Das erste Lüneburger Haus

Pflichtmensuren wurden in der Lunaburgia nicht gefordert, doch wurden für Verabredungsmensuren meist Waffen des SC belegt, vor allem beim Corps Bremensia. 1889 beschaffte Lunaburgia eigene weiße Schläger. Seit 1912 bestand ein Paukverhältnis mit dem SC in Göttingen.

Zu dem neuen Aufstieg der Lunaburgia nach 1918 gehörte auch die Beteiligung an der Gründung des Miltenberger Rings im Jahre 1919. Die Bemühungen dieses Miltenberger Rings zur Abwehr einer Gleichschaltung mit nationalsozialistischen Studentenorganisationen waren nach 1933 nur zeitweilig erfolgreich. Dennoch versuchte die Verbindung, in Göttingen selbstständig zu bleiben. Sie musste aber 1936 ihre Aktivitas suspendieren, weil sie nicht mehr über die „amtlich“ erforderlichen zehn Aktiven verfügte. Das Verbindungshaus wurde 1937 verkauft. Diese bittere Entwicklung wurde dadurch etwas gemildert, dass in Tübingen zusammen mit Saxonia die „Kameradschaft Skagerrak“ gegründet und im Sinn korporativer Traditionen geführt werden konnte. In den Kriegsjahren wurden hier noch mehrere Mensuren geschlagen.

1947 gelang es in Göttingen, die Zulassung der „Hanseatischen Gesellschaft“ bei den britischen Universitätsbehörden zu erreichen. Sie wurde von den Altherrenschaften der Lunaburgia und Saxonia gemeinsam getragen, bis auch in Tübingen das Verbindungshaus der Saxonia wieder freigegeben wurde und es zur Trennung der beiden Verbindungen kam. Im November 1959 nahm Lunaburgia den alten Namen wieder an.

Der Convent der Aktivitas beschloss im Mai 1951 den Brauch der Verabredungsmensur wieder zu tolerieren und dabei die persönliche Entscheidung jedes einzelnen Verbindungsbruders in Toleranz zu respektieren.

Die Altherrenschaft lehnte aber diesen Beschluss ab. Im Februar 1952 bat die Aktivitas die Altherrenschaft erneut, Freiheit für das Fechten zu geben.

Diese erklärte, dass sie nicht mit Verboten in Satzung und Leben der Aktivitas eingreifen wolle. Im Februar wurden die ersten Partien gegen den SC gefochten. Der Zusammenhalt der Aktivitas war so stark, dass sowohl Anhänger als auch Gegner des Fechtens Chargen der Lunaburgia innehatten. Innerhalb des Miltenberger Rings wurde festgelegt, dass grundsätzlich keine Mensuren unter Zwang und zur Persönlichkeitsbewertung geschlagen werden sollten.

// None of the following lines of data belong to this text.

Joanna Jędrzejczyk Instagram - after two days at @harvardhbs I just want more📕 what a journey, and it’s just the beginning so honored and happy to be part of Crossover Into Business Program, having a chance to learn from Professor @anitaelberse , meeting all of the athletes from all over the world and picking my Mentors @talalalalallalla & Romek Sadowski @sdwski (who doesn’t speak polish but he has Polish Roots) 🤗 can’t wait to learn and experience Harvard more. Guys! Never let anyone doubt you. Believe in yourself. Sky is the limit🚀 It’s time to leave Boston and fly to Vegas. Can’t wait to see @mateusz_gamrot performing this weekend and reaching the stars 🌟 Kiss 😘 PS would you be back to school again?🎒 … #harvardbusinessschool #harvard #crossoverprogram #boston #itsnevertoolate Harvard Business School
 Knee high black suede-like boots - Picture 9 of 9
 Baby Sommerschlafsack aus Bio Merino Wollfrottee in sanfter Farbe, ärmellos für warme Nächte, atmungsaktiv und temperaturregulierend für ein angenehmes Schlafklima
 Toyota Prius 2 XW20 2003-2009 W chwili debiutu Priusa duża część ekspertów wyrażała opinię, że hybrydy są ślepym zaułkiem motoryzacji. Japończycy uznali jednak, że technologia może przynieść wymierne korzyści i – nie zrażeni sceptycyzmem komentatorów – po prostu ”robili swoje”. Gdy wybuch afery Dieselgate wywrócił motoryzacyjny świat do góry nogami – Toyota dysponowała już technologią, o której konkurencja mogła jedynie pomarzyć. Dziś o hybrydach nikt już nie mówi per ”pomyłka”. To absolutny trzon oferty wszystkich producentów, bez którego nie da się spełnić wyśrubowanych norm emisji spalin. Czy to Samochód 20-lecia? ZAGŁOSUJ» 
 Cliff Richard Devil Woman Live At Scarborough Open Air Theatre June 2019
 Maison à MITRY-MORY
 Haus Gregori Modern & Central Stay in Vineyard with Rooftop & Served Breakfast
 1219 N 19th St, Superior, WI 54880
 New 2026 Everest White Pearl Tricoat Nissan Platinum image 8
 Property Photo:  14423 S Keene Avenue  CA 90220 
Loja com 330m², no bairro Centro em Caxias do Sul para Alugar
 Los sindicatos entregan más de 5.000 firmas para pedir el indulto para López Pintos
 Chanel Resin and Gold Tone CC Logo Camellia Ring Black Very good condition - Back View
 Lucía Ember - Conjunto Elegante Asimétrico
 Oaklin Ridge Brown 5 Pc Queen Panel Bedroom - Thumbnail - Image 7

In den Jahren nach den Studentenunruhen 1968 traten nur noch wenige Verbindungsbrüder ein. Die Unterhaltung des 1959 bezogenen neuen Verbindungshauses wurde für die kleine Aktivitas zur Belastung, sie löste sich schließlich selbst auf. Wiederum verkaufte die Altherrenschaft das Verbindungshaus. Die Bemühungen um eine Weiterführung der Lunaburgia hatten Erfolg, als drei bis zu ihrem ehrenhaften Austritt in einer forststudentischen Verbindung korporierte Studenten sich zum Wiederaufbau der Verbindung meldeten. In einer Studentenwohnung im Stadtzentrum erlebte Lunaburgia einen neuen Aufschwung, der 1991 mit dem Erwerb und Umbau des jetzigen Verbindungshauses wieder einen Höhepunkt erreichte.